Reagan administraton officials and federal union leaders will spell out their positions tomorrow on new early retirement proposals in a one-day hearing before the Senate Governmental Affairs Committee.
Legislation currently being studied would make it possible for an extra 200,000 U.S. workers to leave government service on some form of pension between July and December.
The bill, introduced by Sens. William V. Roth Jr. (R-Del.) and Ted Stevens (R-Alaska), would suspend civil service age and service rules from July 1 through the end of the year, making it possible for some to retire as early as age 43.
Reagan administration officials are expected to urge that the period be shortened, perhaps to three months, and that eligiblity be narrowed to employes with 25 years of service (regardless of age) or to workers with at least 20 years' service who are 50 years old.
Federal unions will ask that replacement hiring be allowed, so that vacancies created by early retirement could be filled. Congressional sources estimate that up to 65,000 employes might take advantage of early retirement if offered. Normally about one-third that number of employes would retire in July through December.
Unions are also anxious to protect vacant federal jobs from being turned over to the private sector. They also oppose early retirement penalties in the Roth-Stevens bill.
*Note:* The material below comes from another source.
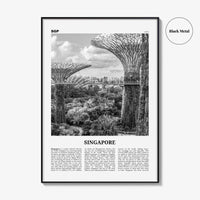 Singapore Print Black and White No 4, Singapore Wall Art, Singapore Poster, Singapore Photo, Singapore Wall Decor, Malay, Malaysia, Asia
The proposal would double the number of workers who could retire this year.
Roth and Stevens say the idea is to encourage older employes to leave so that newer, younger workers -- those most likely to be laid off -- can keep their jobs as agencies are hit by budget cuts required by the deficit reduction act. The Roth- Stevens bill also would impose strict hiring restrictions on agencies for the next five years.
Under Roth-Stevens workers could retire at any age after 25 years' service, at age 50 after 20 years' service, at age 55 after 15 years' service or at age 57 after five years of service. Annuities would be reduced 2 percent for each year the retirees were under age 55. Job Mart
The Marine Corps is looking for an air-conditioning mechanic, Wage Grade 16. Call Ann Brant at 694-1046.
Health Care Financing Administration needs a Grade 12 public affairs specialist. Call Ella Fawley at (301) 597-2985.
Internal Revenue Service wants procurement analysts, GS 11 through 13. Call Jeff Page at 535-4790.
Defense Nuclear Agency is looking for a GS 11/12 personnel management specialist. Call Bill Embry at 325-7591.
Bureau of Engraving and Printing has an opening for two GM (merit pay) management analysis officers. Call Howard Katz at 447-0459.
Federal Home Loan Bank Board needs clerk-typists, GS 4, and secretaries, GS 5/6. Civil service status required. Call 377-6060.
Bureau of Alcohol, Tobacco and Firearms wants a temporary, GS 3/4 clerk-typist in Rockville. Call 377-9861. Meetings
The American Association for Affirmative Action will hold a professional development seminar May 23 at the Capital Hilton Hotel. Speakers include officials from the Labor Department, Equal Employment Opportunities Commission and the District government. Call Eugene Walton, 287-5497.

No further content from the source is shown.